** What the task asks **
Take the entries below and print only the lines from the one with "Used 2015 Jeep" through the one with "Білий Ленд Ровер", exactly as they stand, both ends included.

Records excerpted from a collection
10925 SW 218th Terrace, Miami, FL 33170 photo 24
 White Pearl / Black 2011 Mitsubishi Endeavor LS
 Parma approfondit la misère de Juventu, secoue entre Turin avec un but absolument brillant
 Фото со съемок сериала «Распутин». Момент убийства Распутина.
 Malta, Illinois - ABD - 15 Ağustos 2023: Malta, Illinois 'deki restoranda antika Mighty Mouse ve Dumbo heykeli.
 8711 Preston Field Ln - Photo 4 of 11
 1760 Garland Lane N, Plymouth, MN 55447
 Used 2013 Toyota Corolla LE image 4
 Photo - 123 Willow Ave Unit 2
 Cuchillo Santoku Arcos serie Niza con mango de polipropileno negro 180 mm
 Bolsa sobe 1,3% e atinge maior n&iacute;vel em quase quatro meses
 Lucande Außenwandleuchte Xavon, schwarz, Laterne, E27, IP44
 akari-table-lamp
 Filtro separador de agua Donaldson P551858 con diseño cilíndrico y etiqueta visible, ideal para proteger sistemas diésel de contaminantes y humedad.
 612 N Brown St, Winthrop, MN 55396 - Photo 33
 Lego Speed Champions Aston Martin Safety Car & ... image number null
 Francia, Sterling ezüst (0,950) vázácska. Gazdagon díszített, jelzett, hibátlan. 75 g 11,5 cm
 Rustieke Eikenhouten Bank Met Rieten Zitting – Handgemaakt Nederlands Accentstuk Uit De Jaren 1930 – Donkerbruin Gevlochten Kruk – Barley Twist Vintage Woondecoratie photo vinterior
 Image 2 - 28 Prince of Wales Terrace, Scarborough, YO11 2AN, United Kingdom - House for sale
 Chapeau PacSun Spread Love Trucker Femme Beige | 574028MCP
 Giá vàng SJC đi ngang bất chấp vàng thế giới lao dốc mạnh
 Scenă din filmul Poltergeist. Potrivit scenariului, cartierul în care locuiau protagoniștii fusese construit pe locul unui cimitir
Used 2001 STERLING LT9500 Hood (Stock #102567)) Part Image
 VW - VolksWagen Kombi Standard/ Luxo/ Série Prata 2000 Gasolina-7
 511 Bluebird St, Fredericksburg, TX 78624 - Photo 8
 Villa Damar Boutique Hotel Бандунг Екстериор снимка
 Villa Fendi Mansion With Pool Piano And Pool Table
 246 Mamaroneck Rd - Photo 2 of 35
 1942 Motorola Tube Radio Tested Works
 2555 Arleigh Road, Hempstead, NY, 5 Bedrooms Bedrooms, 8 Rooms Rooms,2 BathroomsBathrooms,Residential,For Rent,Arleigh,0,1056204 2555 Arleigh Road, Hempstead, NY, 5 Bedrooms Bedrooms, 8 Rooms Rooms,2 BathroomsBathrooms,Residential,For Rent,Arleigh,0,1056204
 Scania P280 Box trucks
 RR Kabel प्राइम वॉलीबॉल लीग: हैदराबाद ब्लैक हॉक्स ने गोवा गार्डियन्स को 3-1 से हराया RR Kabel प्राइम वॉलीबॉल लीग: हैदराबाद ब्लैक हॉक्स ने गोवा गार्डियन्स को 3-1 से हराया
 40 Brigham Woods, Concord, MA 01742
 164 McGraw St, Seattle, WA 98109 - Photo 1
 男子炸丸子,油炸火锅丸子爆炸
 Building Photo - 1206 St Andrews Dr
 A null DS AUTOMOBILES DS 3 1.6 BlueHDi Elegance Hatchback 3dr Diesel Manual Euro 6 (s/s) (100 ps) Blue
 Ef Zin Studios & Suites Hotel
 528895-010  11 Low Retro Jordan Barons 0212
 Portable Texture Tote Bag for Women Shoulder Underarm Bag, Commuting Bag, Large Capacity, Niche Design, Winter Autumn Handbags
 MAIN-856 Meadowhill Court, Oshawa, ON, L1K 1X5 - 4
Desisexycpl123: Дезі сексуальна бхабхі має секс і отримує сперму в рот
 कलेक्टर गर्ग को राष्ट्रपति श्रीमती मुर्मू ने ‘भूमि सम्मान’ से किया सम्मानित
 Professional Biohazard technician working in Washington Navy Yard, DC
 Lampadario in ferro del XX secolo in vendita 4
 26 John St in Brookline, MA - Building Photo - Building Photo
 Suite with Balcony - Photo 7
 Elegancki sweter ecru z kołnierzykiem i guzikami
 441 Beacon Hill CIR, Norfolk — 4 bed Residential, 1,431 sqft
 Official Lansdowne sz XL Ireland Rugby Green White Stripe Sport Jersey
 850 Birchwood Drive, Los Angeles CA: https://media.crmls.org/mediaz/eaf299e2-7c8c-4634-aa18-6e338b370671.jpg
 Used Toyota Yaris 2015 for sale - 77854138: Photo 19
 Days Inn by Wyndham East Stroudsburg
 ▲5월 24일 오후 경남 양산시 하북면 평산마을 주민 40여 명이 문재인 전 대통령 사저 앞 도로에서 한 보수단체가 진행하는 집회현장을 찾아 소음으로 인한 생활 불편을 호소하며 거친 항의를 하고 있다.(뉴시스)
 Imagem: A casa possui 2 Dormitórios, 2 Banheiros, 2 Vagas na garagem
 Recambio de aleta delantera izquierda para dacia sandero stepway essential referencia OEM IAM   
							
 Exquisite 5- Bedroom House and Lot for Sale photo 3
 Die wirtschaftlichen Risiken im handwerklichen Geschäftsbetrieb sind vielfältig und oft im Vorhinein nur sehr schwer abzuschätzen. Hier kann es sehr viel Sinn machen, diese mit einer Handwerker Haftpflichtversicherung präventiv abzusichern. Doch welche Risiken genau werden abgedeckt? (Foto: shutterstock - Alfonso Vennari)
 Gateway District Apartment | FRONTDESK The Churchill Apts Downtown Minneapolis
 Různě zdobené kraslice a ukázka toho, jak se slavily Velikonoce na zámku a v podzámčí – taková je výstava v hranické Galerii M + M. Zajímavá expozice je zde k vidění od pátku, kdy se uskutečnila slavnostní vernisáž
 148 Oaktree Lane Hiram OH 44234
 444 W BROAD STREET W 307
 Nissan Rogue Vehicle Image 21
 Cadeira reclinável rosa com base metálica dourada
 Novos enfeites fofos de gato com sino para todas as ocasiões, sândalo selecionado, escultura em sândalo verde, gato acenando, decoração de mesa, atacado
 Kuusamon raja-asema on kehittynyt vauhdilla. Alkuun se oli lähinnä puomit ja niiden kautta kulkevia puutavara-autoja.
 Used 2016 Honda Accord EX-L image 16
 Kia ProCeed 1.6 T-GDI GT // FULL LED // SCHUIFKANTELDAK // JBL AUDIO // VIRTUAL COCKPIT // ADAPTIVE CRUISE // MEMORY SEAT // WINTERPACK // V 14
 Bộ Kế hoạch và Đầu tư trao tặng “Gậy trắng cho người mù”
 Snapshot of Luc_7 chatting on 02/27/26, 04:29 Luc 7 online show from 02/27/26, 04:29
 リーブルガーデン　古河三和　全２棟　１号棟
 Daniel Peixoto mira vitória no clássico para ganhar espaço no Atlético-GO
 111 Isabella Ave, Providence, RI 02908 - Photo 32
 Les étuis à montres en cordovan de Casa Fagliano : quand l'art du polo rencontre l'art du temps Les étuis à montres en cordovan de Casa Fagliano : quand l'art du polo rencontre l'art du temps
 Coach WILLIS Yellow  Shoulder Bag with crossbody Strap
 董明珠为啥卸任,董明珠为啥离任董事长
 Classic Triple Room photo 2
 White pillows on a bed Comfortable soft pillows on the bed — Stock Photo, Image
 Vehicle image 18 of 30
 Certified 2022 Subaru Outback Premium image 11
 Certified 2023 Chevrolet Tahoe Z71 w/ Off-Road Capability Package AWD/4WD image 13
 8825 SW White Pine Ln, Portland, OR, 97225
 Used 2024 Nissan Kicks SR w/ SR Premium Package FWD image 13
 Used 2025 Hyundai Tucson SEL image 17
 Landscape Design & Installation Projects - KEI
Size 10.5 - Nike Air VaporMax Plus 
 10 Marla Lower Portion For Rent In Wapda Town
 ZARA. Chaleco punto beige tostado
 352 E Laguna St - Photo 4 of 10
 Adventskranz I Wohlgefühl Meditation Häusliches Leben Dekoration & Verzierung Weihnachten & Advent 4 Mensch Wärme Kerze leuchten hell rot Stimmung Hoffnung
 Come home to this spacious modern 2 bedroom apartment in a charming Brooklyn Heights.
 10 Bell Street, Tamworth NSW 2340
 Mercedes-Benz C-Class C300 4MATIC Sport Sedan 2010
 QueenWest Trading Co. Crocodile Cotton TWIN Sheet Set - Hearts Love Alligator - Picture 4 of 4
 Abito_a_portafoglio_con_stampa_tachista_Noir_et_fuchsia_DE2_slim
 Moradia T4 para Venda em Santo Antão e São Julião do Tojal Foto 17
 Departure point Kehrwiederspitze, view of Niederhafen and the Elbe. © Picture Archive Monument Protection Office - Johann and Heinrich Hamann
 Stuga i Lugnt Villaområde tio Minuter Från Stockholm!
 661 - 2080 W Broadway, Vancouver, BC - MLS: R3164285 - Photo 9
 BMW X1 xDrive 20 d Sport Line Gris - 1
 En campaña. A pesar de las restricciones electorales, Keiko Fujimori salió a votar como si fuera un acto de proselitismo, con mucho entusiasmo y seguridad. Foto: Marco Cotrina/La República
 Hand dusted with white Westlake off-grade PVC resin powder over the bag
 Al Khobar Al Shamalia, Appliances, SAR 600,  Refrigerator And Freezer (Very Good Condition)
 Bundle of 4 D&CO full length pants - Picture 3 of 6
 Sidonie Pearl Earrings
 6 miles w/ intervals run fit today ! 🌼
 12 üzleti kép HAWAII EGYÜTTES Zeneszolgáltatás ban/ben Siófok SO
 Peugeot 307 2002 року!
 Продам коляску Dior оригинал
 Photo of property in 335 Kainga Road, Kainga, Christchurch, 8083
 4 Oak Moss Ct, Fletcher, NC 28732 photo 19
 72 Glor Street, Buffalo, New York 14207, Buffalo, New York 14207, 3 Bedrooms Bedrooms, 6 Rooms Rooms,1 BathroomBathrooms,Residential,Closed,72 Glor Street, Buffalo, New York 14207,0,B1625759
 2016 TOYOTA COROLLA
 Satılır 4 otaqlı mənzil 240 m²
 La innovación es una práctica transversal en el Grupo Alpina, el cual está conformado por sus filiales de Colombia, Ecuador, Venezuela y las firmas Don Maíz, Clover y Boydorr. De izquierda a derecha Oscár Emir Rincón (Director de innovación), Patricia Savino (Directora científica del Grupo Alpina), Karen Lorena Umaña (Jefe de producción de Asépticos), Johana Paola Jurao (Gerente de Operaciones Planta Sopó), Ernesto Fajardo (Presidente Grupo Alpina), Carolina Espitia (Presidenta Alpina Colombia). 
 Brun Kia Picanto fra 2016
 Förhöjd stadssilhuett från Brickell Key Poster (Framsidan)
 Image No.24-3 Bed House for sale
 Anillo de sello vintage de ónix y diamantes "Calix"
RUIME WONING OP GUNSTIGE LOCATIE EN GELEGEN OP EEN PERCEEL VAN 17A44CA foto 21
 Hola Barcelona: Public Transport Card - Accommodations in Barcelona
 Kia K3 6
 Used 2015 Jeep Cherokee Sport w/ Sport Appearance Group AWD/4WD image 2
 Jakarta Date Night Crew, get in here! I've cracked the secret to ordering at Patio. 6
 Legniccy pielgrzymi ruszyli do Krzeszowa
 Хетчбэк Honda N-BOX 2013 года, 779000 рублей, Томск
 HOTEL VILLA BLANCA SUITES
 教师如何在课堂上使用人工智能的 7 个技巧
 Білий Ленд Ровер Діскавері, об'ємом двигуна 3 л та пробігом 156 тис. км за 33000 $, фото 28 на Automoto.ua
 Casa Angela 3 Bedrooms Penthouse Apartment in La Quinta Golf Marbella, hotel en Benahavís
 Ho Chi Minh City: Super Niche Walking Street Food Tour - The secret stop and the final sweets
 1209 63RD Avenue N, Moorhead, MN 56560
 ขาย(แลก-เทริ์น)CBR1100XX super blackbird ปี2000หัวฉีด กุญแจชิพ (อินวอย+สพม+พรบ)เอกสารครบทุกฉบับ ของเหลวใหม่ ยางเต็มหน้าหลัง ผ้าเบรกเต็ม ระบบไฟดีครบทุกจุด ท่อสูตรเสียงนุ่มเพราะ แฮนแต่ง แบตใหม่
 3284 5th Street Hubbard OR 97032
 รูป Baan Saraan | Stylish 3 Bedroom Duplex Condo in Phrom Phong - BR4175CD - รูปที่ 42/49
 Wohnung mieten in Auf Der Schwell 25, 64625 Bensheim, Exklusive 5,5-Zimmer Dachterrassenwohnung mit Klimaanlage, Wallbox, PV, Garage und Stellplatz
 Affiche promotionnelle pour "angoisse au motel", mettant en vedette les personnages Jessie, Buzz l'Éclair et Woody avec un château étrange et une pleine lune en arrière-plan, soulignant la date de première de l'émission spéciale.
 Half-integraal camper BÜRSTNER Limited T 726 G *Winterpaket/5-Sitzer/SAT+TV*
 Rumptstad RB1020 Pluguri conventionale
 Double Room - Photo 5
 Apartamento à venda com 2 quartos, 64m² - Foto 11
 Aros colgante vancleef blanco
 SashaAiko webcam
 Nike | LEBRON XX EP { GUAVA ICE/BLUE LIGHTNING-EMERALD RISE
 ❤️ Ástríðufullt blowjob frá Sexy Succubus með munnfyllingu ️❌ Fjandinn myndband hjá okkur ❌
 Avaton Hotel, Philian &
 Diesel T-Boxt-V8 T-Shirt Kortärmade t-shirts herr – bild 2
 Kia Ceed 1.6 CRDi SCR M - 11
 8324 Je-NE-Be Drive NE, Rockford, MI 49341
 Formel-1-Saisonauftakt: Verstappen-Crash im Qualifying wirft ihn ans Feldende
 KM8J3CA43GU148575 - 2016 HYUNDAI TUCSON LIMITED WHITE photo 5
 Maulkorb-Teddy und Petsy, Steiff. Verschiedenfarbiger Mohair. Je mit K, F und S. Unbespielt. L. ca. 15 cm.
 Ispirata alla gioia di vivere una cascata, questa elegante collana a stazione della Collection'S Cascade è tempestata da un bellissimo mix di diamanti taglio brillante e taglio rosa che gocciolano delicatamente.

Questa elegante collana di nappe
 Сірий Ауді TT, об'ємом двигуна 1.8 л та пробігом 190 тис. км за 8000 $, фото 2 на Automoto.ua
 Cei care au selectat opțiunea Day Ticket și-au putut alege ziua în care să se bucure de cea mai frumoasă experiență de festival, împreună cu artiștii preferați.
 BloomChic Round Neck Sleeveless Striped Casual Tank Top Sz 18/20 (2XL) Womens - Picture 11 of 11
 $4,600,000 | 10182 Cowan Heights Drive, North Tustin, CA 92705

** Answer box **
 Used 2015 Jeep Cherokee Sport w/ Sport Appearance Group AWD/4WD image 2
 Jakarta Date Night Crew, get in here! I've cracked the secret to ordering at Patio. 6
 Legniccy pielgrzymi ruszyli do Krzeszowa
 Хетчбэк Honda N-BOX 2013 года, 779000 рублей, Томск
 HOTEL VILLA BLANCA SUITES
 教师如何在课堂上使用人工智能的 7 个技巧
 Білий Ленд Ровер Діскавері, об'ємом двигуна 3 л та пробігом 156 тис. км за 33000 $, фото 28 на Automoto.ua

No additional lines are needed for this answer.